Methods Complete bronchial trees were prepared free from pig heart–lung blocks that were removed at a slaughterhouse. These preparations were taken to the laboratory, and main, lobar, and segmental bronchi were closed using sutures, staples, or bipolar sealing. Each trachea was then intubated and connected to a ventilating device. The initial airtight closure of the bronchus was first tested with lung-protective ventilation. After 15 minutes of ventilation, the inspiratory ventilation pressure was slowly increased and the burst pressure (in mbar) was recorded. Each group included 12 bronchus closures. Group mean burst pressures were compared using a nonparametric test (Mann–Whitney U test). The significance level was p < 0.05.

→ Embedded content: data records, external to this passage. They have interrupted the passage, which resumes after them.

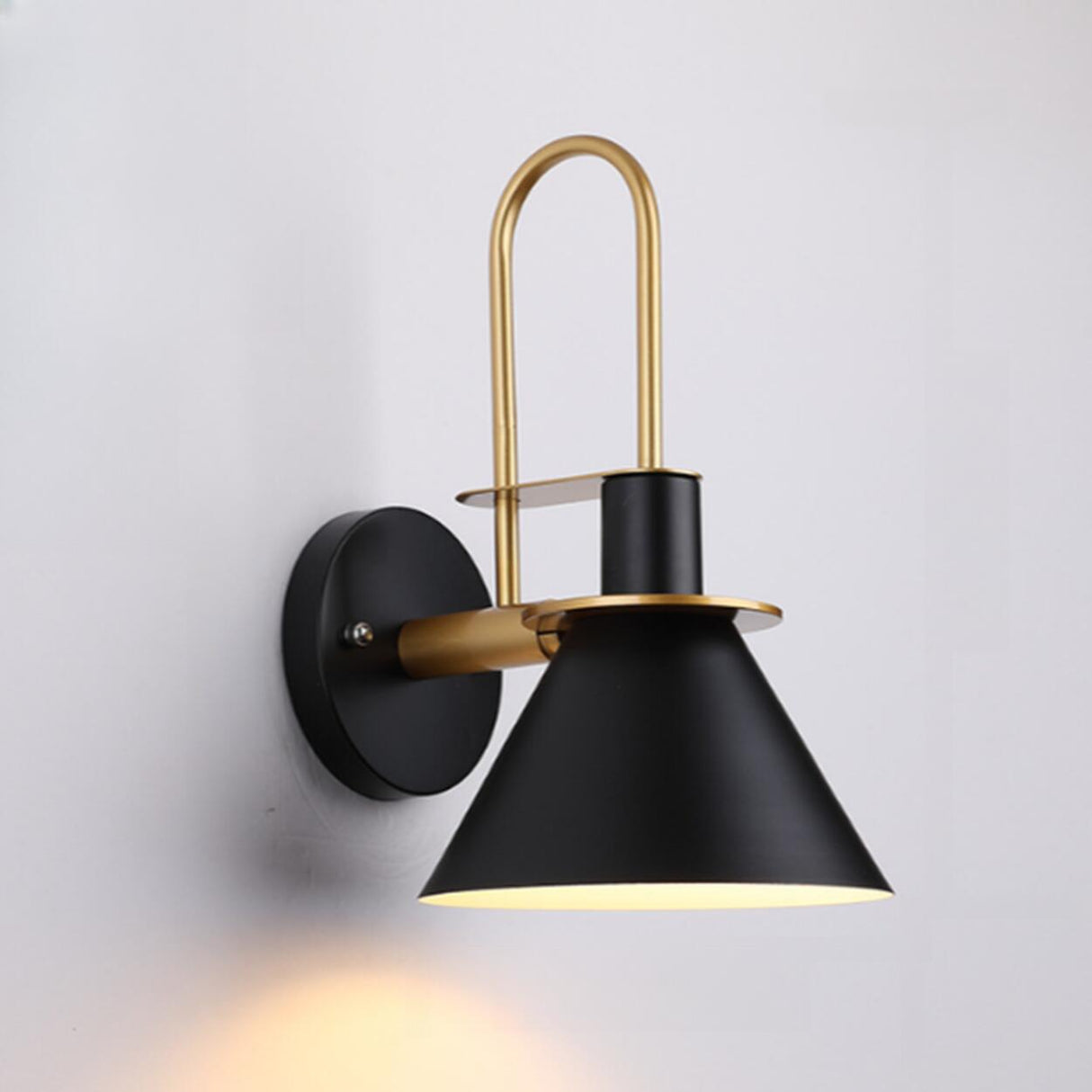 Minimalist Casual Cone Metal LED Wall Sconce Light Image - 6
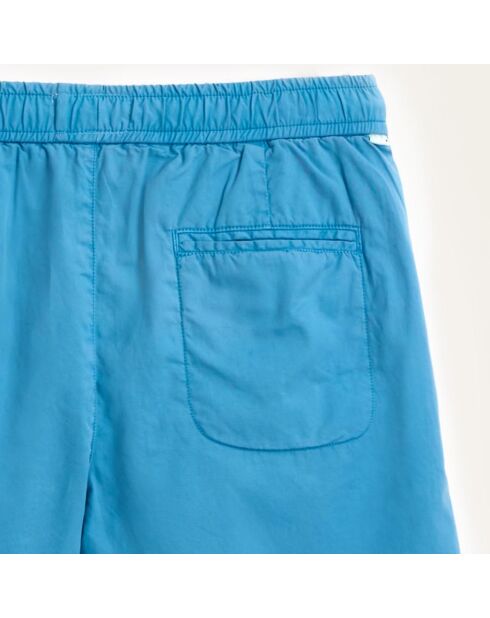 Short Pawl en Coton bleu turquoise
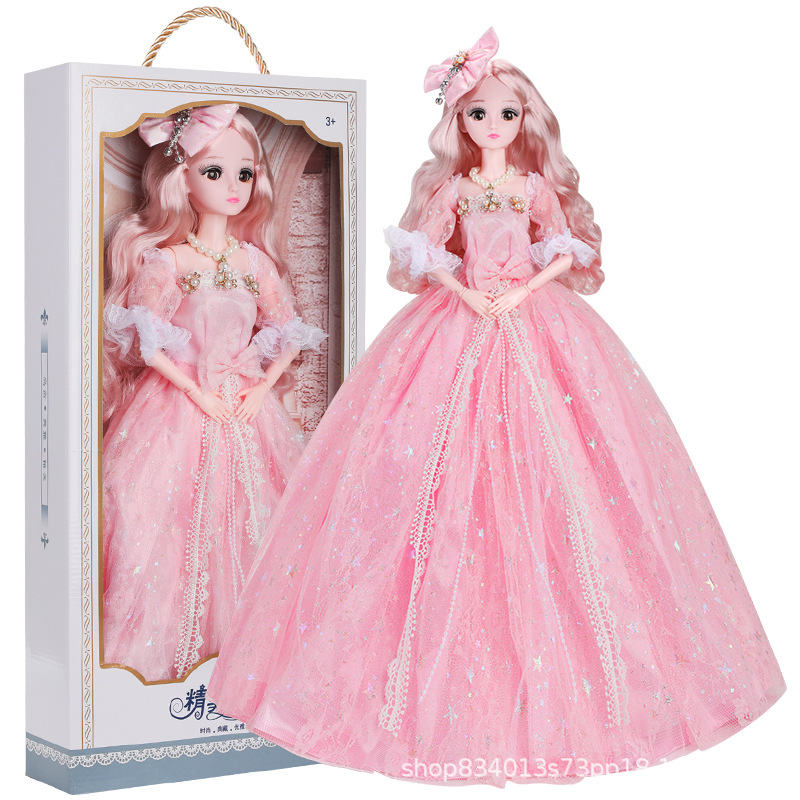 대형 시뮬레이션 60CM 통 르 바비 인형 공주 어린이 선물 소녀 놀이 집 어린이 장난감 도매
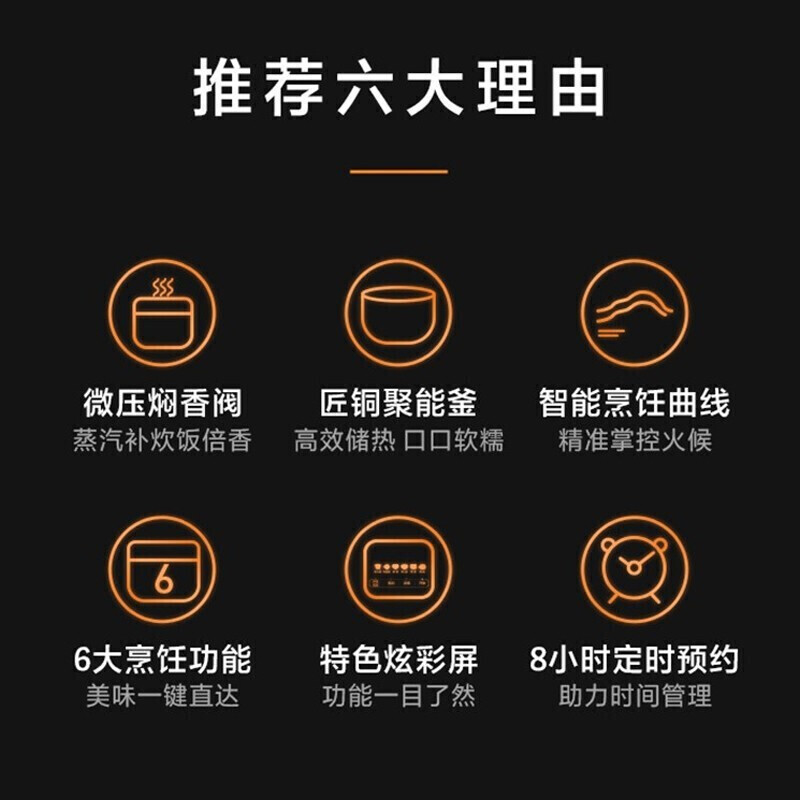 美的(Midea)电饭煲 家用电饭锅2-6人大容量 前置大面板 [容量5L]智能预约多功能煲汤煮米饭 MB-RE529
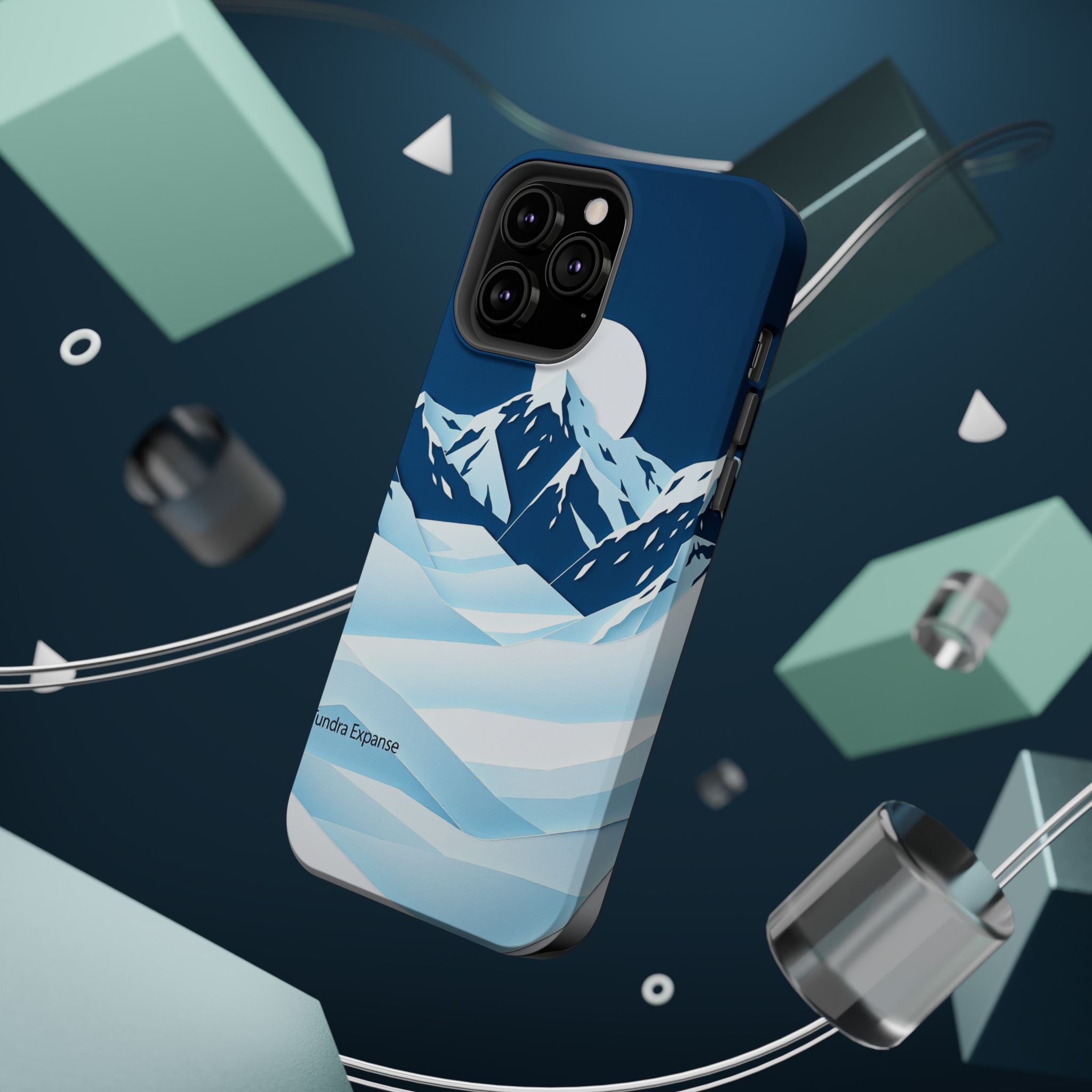 iPhone Midnight Blue And Silver Tundra Expanse Clean iPhone 12 Minimal · iPhone
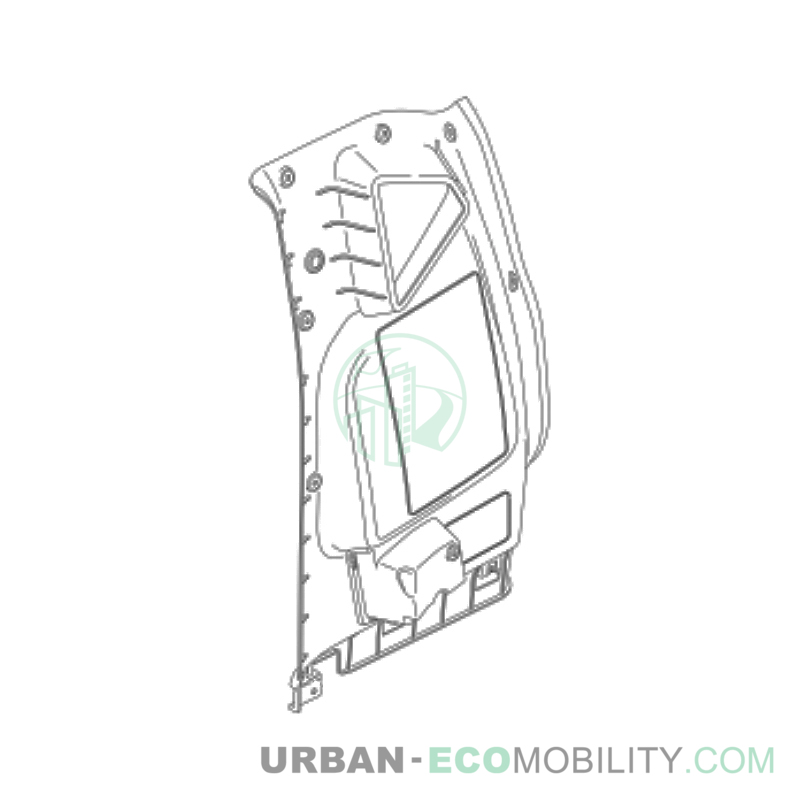 Left rear inner plastic - SILENCE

Results The main bronchi closed both stapler magazines or sutures were all initially airtight during ventilation. The mean burst pressure was 60 ± 0 mbar for staplers and 57.92 ± 5.8 mbar for sutures. In contrast, 50% of main bronchi sealed with MARSEAL devices (5 or 10 mm) leaked air from the beginning. This was also noted in all lobar bronchi sealed with the MARSEAL 5-mm device and 80% of those sealed with the MARSEAL 10-mm device. The mean burst pressure of initially airtight lobar bronchi was 12.7 ± 7.25 mbar. In contrast, all segmental bronchi (mean width: 1.6 cm) were airtight when ventilated. Mean burst pressure was 14.64 ± 9.1 mbar with the MARSEAL 5-mm device and 29.64 ± 21.3 mbar with the MARSEAL 10-mm device. Histological investigation of the preparations (with hematoxylin and eosin staining) showed intact cartilaginous structures that were largely unaffected by bipolar coagulation. The airtight sealing of the segmental bronchi resulted from fusion of the peribronchial tissue and not the cartilage.

Conclusion Bipolar sealing is an inappropriate tool for the closure of the bronchi in comparison to suture or stapling.